[Dataset entries]

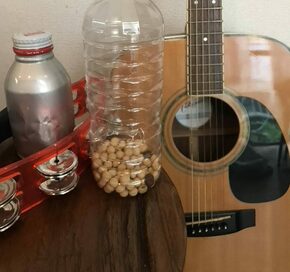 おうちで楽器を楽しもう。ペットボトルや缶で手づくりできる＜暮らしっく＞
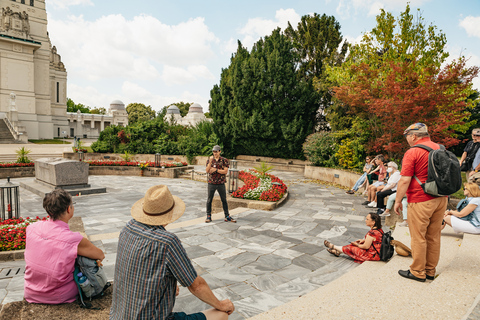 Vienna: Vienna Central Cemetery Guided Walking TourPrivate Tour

==

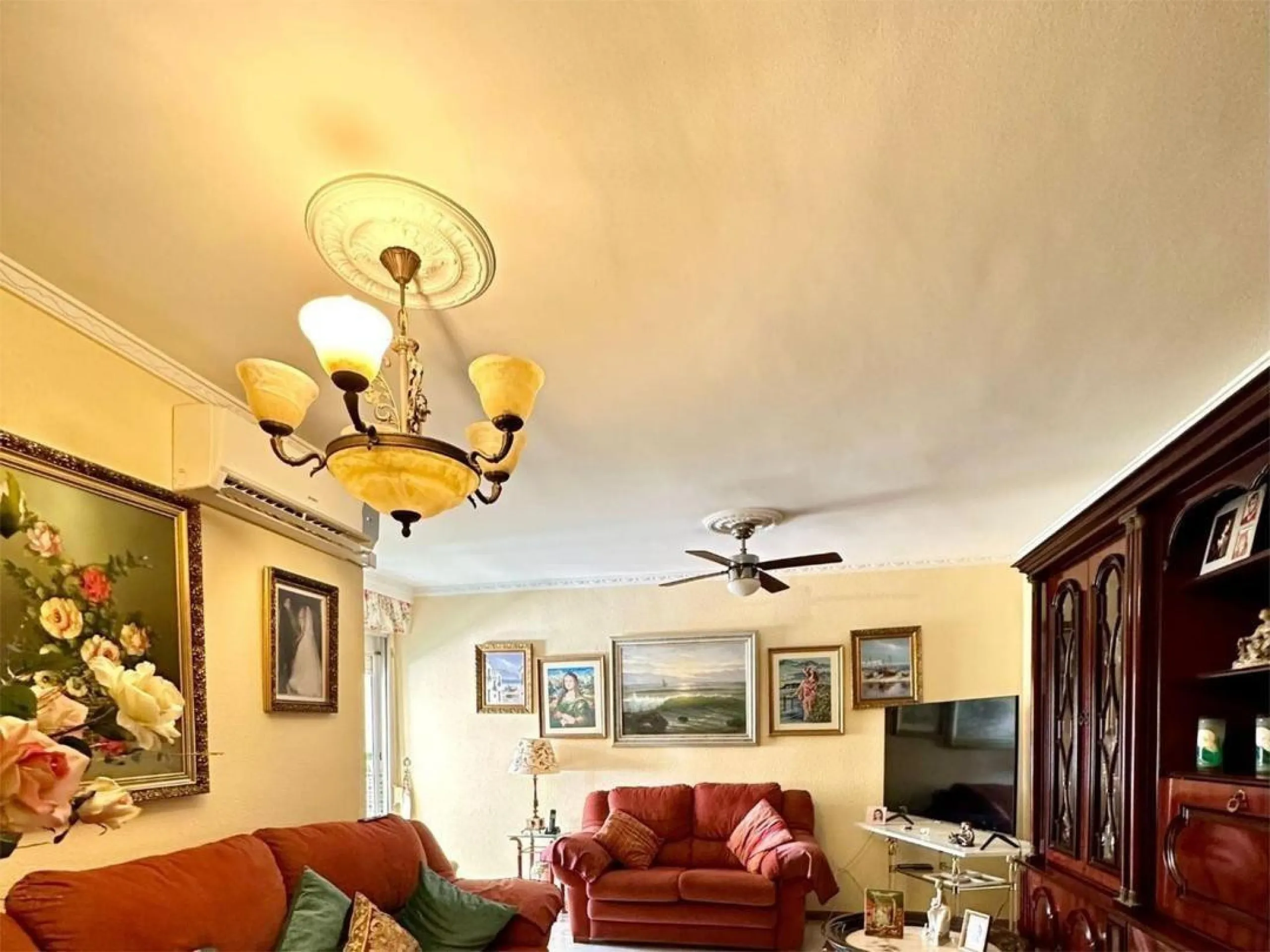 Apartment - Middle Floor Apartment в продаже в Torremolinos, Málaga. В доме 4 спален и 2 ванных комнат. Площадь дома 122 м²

[What is expected] Could you write out exactly the lines of the data above that run from the one holding "おうちで楽器を楽しもう。ペットボトルや缶で手づくりできる＜暮らしっく＞" to the one holding "Vienna: Vienna Central", with both ends in and all pictures out?

[Problem solution]
 おうちで楽器を楽しもう。ペットボトルや缶で手づくりできる＜暮らしっく＞
 Vienna: Vienna Central Cemetery Guided Walking TourPrivate Tour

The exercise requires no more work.